▶ [WHAT NEEDS TO BE DONE]: Wherever a picture appears in the listing below, leave it out and reproduce the rest exactly.
Top of AVAILABLE DATA
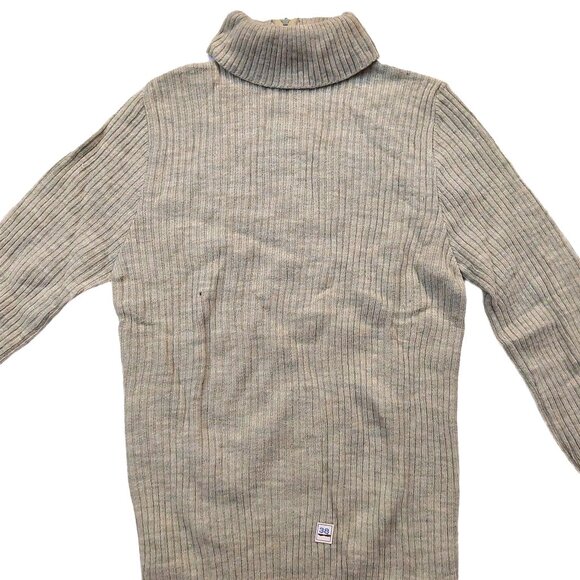 Vintage 1940s-1950s Olive/Pea Green Ribbed Long Sleeve Turtleneck Sweater - Picture 3 of 8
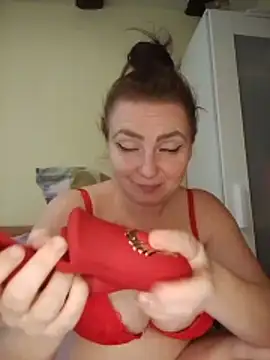 Bella-Monroe online show from 15, 4, 2026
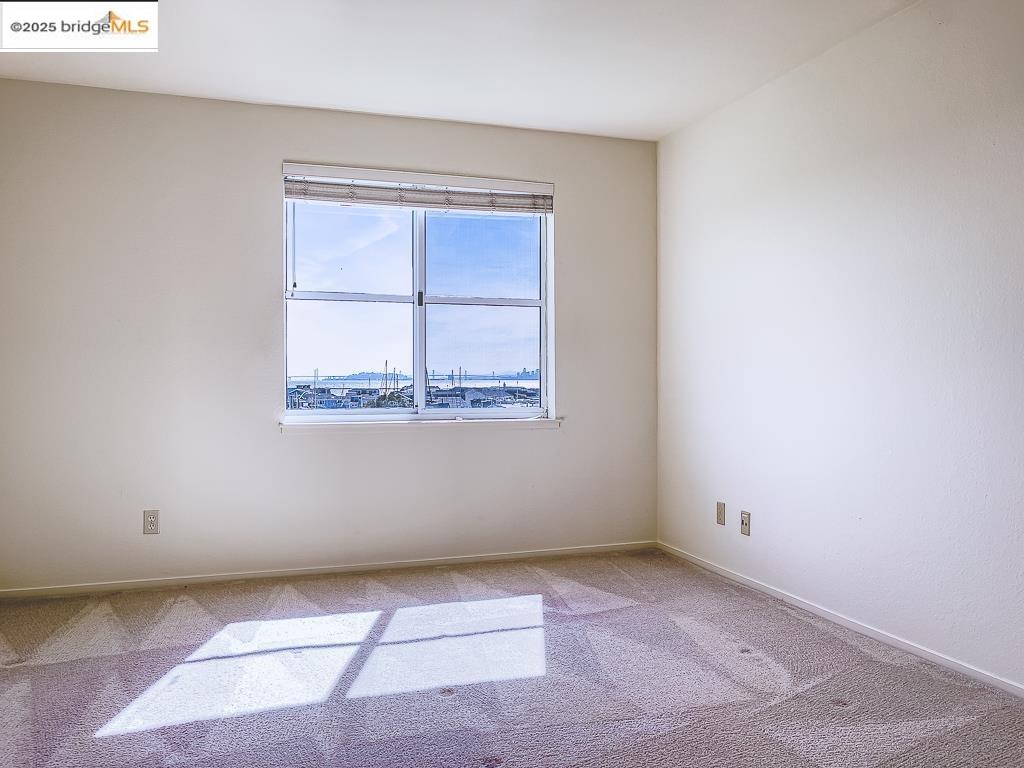 Detail Gallery Image 10 of 29 For 1300 Quarry Ct #303,  Richmond,  CA 94801 - 2 Beds | 2 Baths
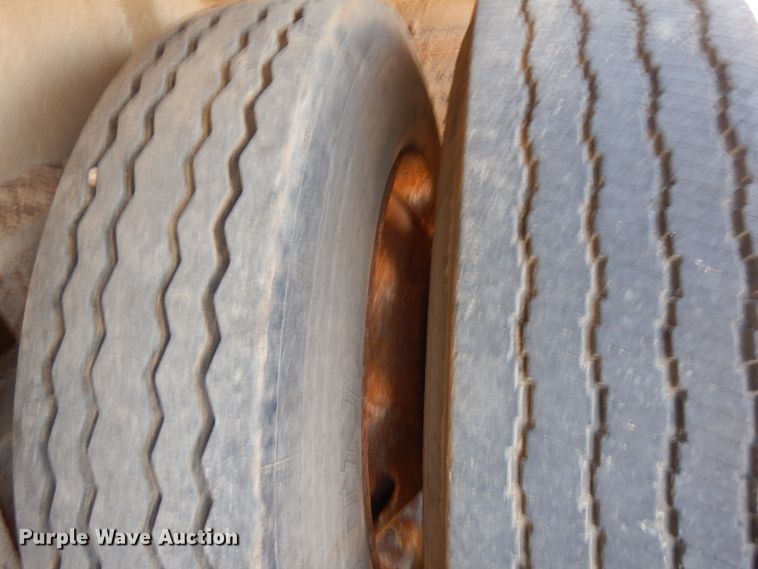 image for item HD9181 1987 Trailstar end dump trailer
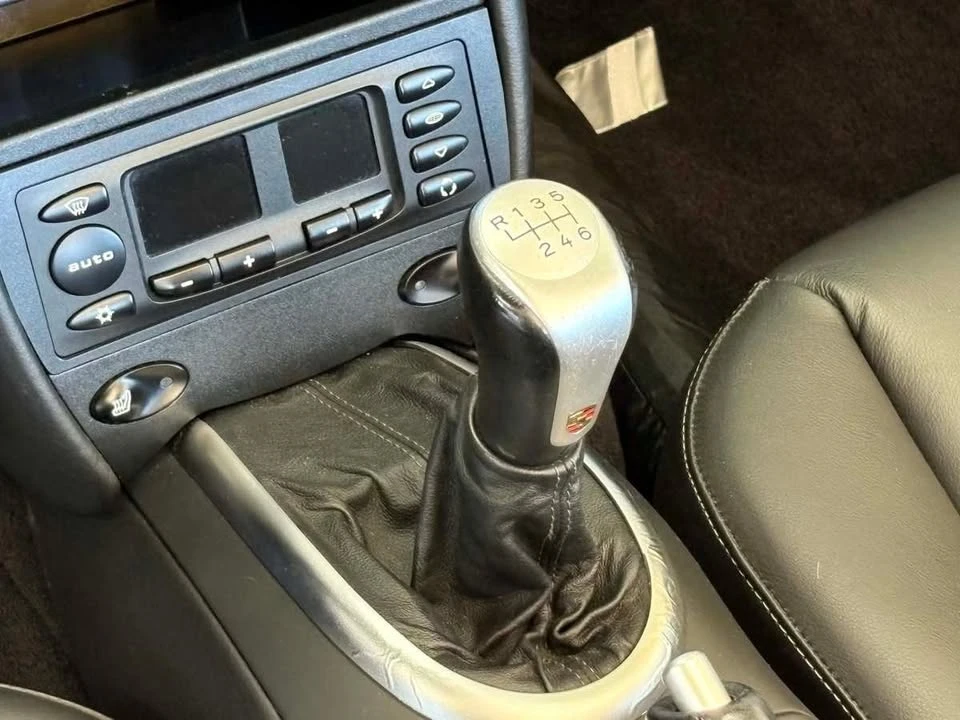 2003 Porsche 996 Carrera 4 - Image 10 of 12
Bottom of AVAILABLE DATA
▶ [OUTPUT BELOW]:
 Vintage 1940s-1950s Olive/Pea Green Ribbed Long Sleeve Turtleneck Sweater - Picture 3 of 8
 Bella-Monroe online show from 15, 4, 2026
 Detail Gallery Image 10 of 29 For 1300 Quarry Ct #303,  Richmond,  CA 94801 - 2 Beds | 2 Baths
 image for item HD9181 1987 Trailstar end dump trailer
 2003 Porsche 996 Carrera 4 - Image 10 of 12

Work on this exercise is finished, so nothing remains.